President Halimah Yacob at her opening speech for the second session of the 14th Singapore Parliament

by Toh Han Shih

Recently, several prominent figures have expressed their views on the role of the Singapore President, which is highly pertinent since the president will be elected by the people in a few months. They include Ho Ching, the wife of Singapore Prime Minister Lee Hsien Loong, and two presidential hopefuls, George Goh and Tharman Shanmugaratnam.

Apparently, Ho Ching will not run for president, thus dispelling rumours that she might. Nonetheless, she has expressed her opinions on the presidency in multiple Facebook posts.

Ho Ching made a Facebook post on June 14 which said the Singapore president “is not to be an independent voice”, a check on the government, “or an ombudsman to all the woes and ills of society.”

“For that the usual political, civic and civil processes will be the right avenues, including voting for a (government) during a general election,” she wrote.

“So folks, by all means, step forward to run for the Presidential elections in (Singapore). But don’t fly the false flag of independence, check and balance, complaints bureau, etc.,” she added.

On June 16, Ho Ching said in her Facebook post that the presidency is not about choosing someone to “check” the government or to “check the accounts” of the government.

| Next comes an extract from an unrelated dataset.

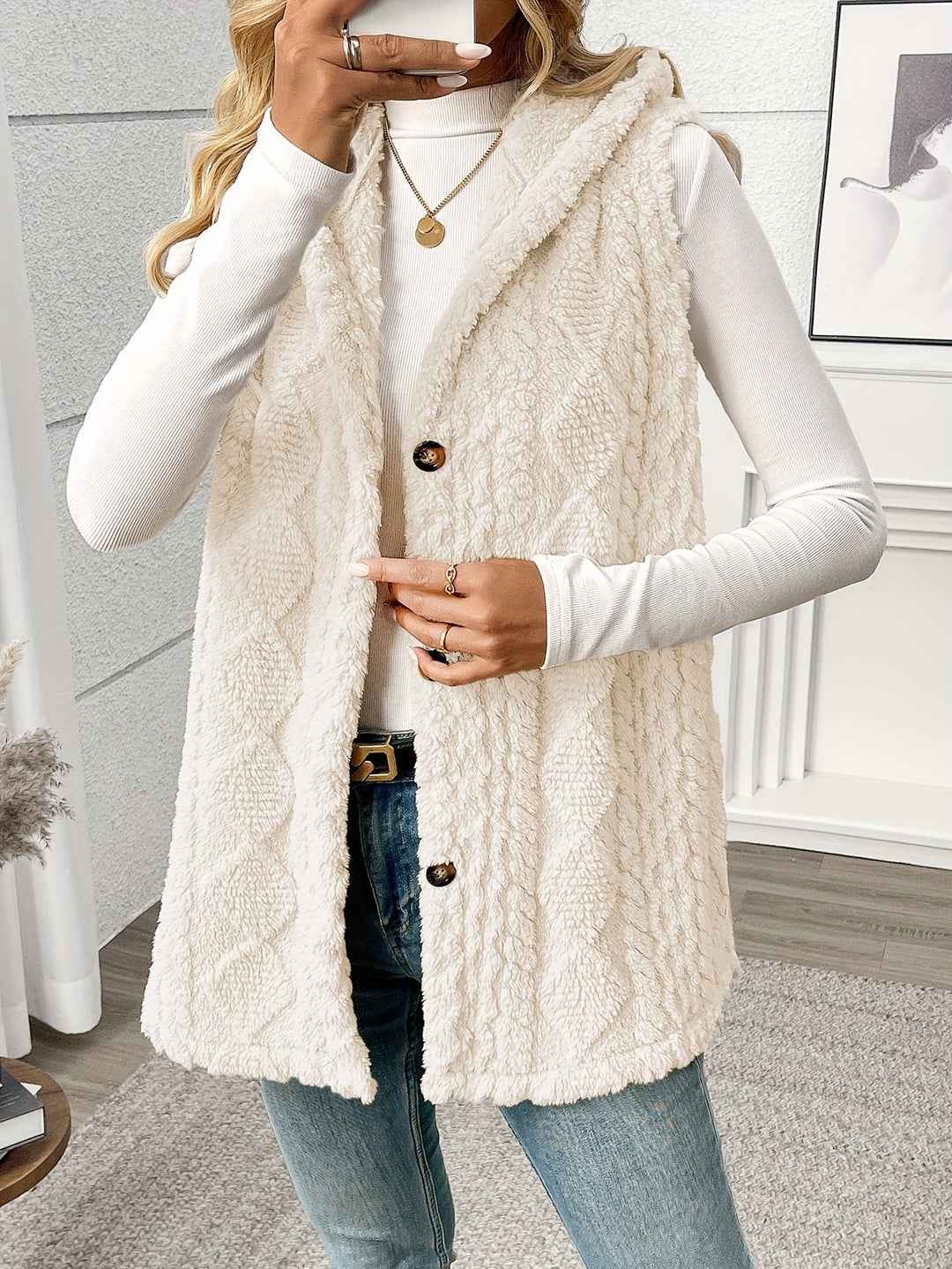 Lorna | Koselig vest uten hette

In her Facebook post on June 24, Ho Ching said the elected president is “not intended to be a partisan or divisive figure.”

In a Facebook post on June 21, George Goh, a businessman, said, “What does independence mean to me? It means that I have no political ties and will not work in the interest of any party, but for Singaporeans alone.”

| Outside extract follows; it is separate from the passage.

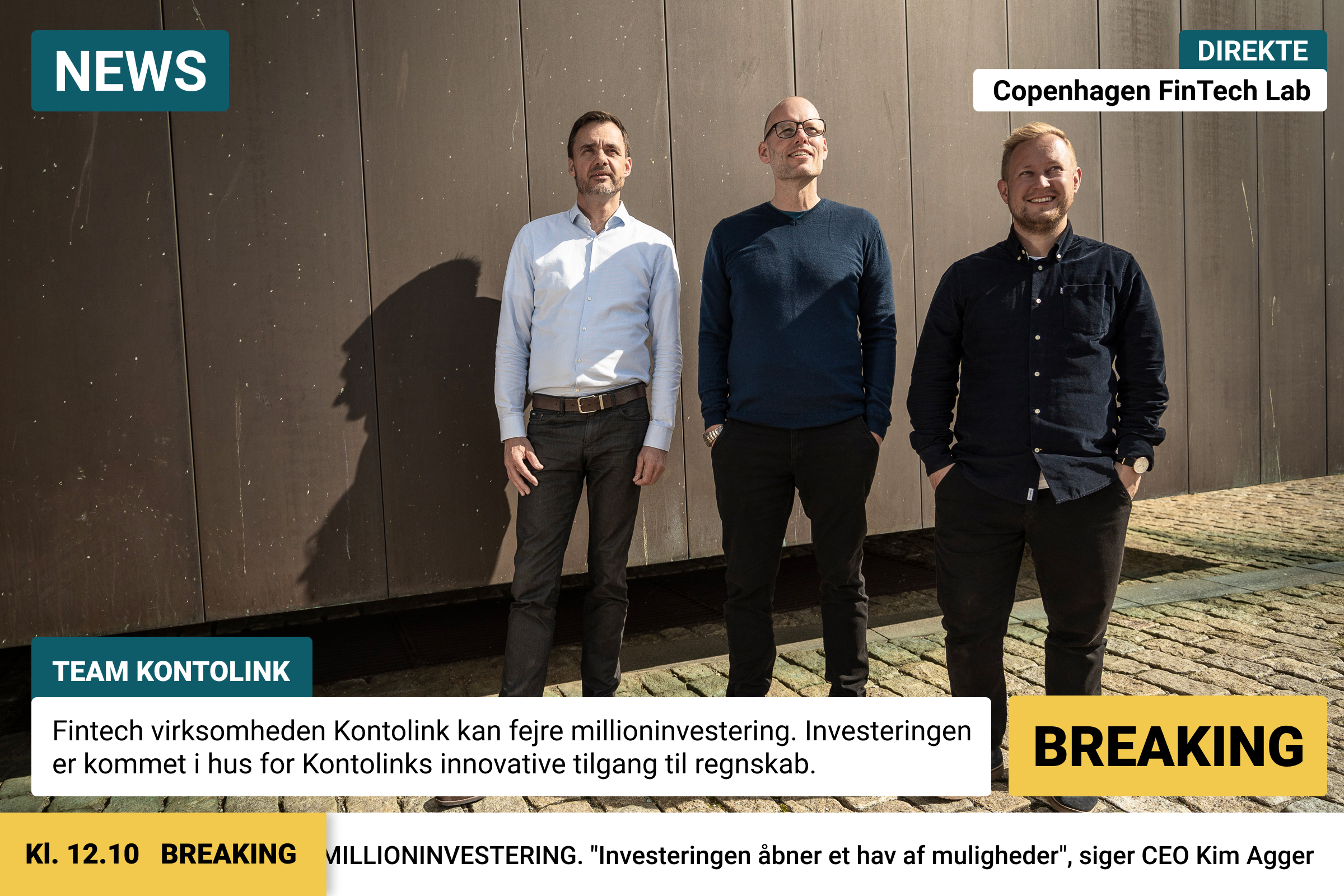 Read more about the article Pressemeddelelse: Dansk fintech-startup henter millioner: Vil automatisere bogføring…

“In the media interview yesterday, I said that I have no intention of going head to head with the executive on issues and am committed to working with the Government of the day. But I am also clear that the Constitution has laid out two key areas of the reserves and key appointments that the President has power in, and I intend to exercise this power faithfully and to my best ability,” George Goh wrote.

On June 11, Senior Minister Tharman told reporters that if elected president, he will be like a referee, not teammates with the ruling People’s Action Party (PAP), of which he has been a minister for many years.

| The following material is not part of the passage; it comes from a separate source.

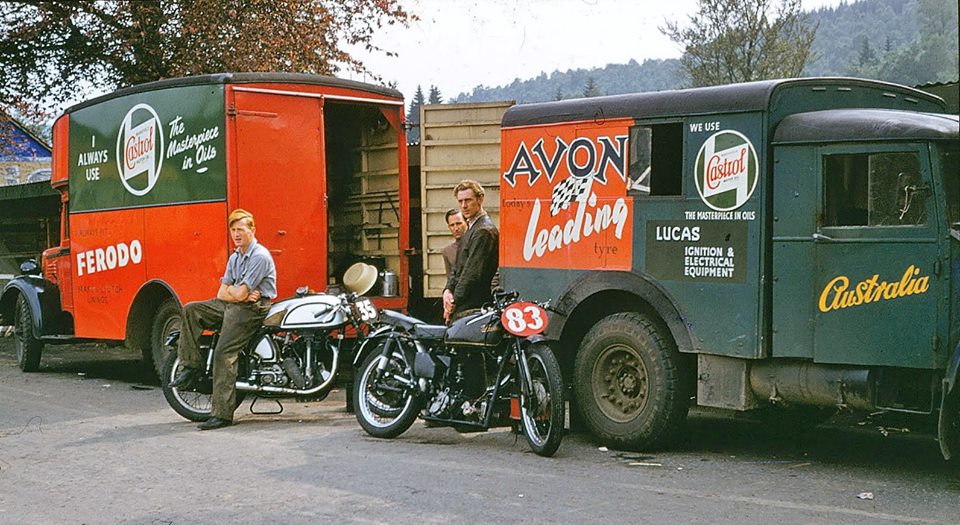 spa francorchamps 1953 #motorcycle #Racing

Tharman gave more nuance to his position when he spoke at a seminar of Chatham House, a London think tank, on June 13. At the Chatham House talk, Tharman clarified that the president’s role is not to challenge the Singapore government on behalf of the people, but rather the president is elected by the people to preserve the integrity of the Singapore system, financial integrity as well as the integrity of key appointments to public service.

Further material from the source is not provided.